International cooperation did not emerge from moral idealism, but as a rational response to a world devastated by war, extreme inequality, and rules-less rivalry.
Abandoning it without redesigning it is not a neutral act, it is a political decision with systemic consequences, particularly in a context of unprecedented global interdependence.
WHAT IS AT STAKE.
If the multilateral framework continues to erode :
Legitimacy ceases to be collective and is redefined by power.
Share norms are replaced by the moral codes and interests of individual powers.
The global orders is organised around the capacity to impose, rather than to agree
The world that emerges from this scenario is not freer or more efficient. It is more unstable, more unequal and more vulnerable to systemic conflict.
CONCLUSION : A STRATEGIC CALL TO DEFEND COLLECTIVE COOPERATION.
The video analysed does not merely expose a disagreement among analysts or ideological currents. It clearly reveals a deep clash between models of organising the international system. At stake is not only the future of specific agencies or multilateral mechanisms, but the very logic that has sustained international cooperation for more than seven decades.
Multilateralism is not an abstract normative ideal ; it is a political infrastructure. It has enabled the management of conflict, the channeling of rivalries, the reduction of uncertainty and coordinated responses to crises that no state, however powerful, can address alone. When this infrastructure weakens the costs do not disappear; they are redistributed and they fall disproportionately on those with less capacity to influence outcomes.
Accepting a global order without shared rules means normalising:
Legitimacy derived from power rather than consensus.
International public policies driven by short term interests.
Cooperation is reduced to a transactional instrument rather than a global public good.
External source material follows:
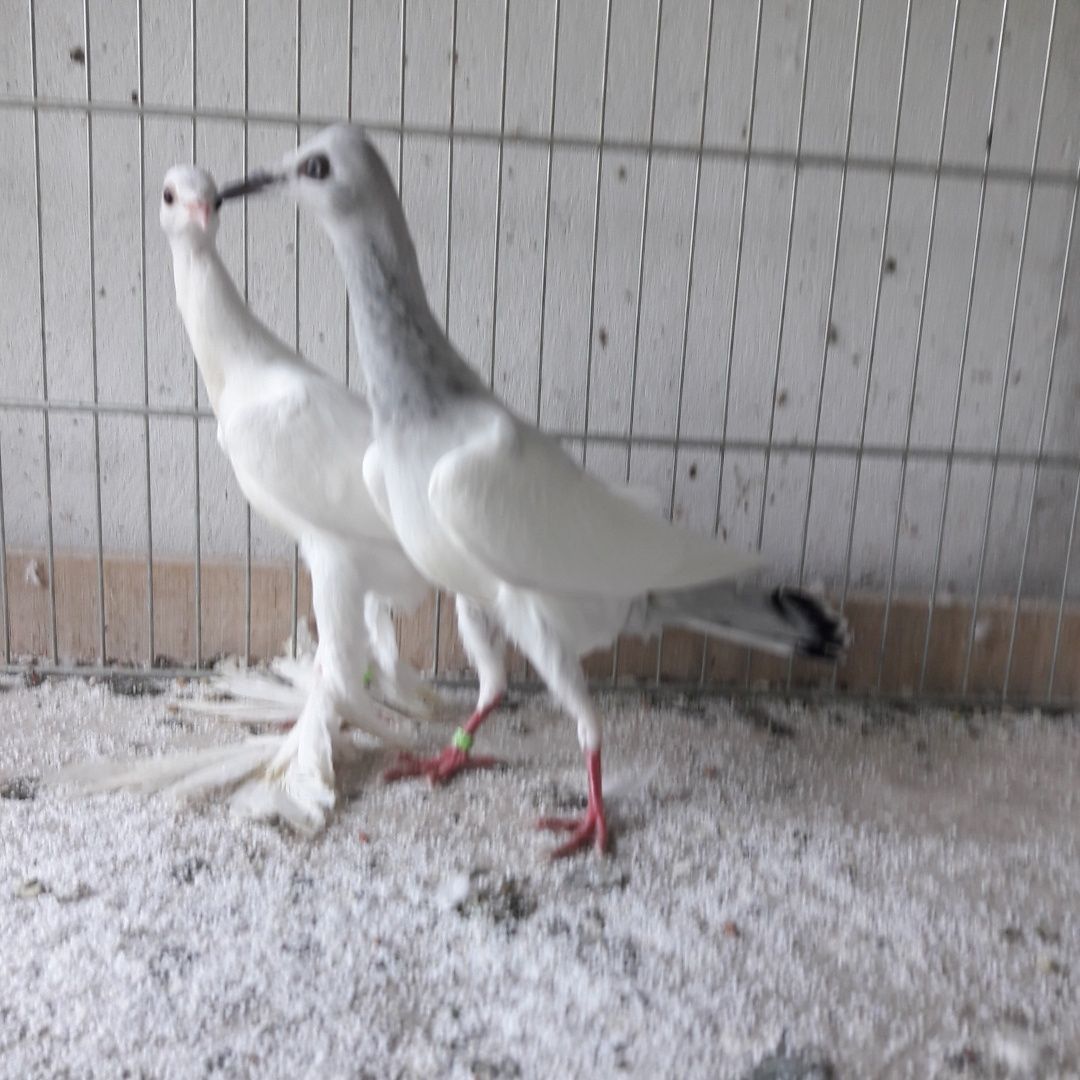 Bociany mazowieckie kostkowe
The scenario not only deepens international inequality, it also erodes predictability, an essential conditional for economic stability, investment, security and sustainable development. The absence of common rules does not generate greater freedom, but greater arbitrariness.
The real dilemma, therefore, is not whether multilateralism needs reform, it urgently does, but whether there is the political will to reform it so that it becomes more representative, more effective, and more equitable, or whether the choice is to weaken it and accept a world governed by power relations alone.
We invite readers to watch and analyse the full Inside Store debate not as an academic exercise, but as a strategic reflection on the kind of international order we are consolidating and the one we still have time to preserve. A global order that benefits only a few is not sustainable.
And , as histories show its consequences ultimately reach even those who believe they can remain unaffected.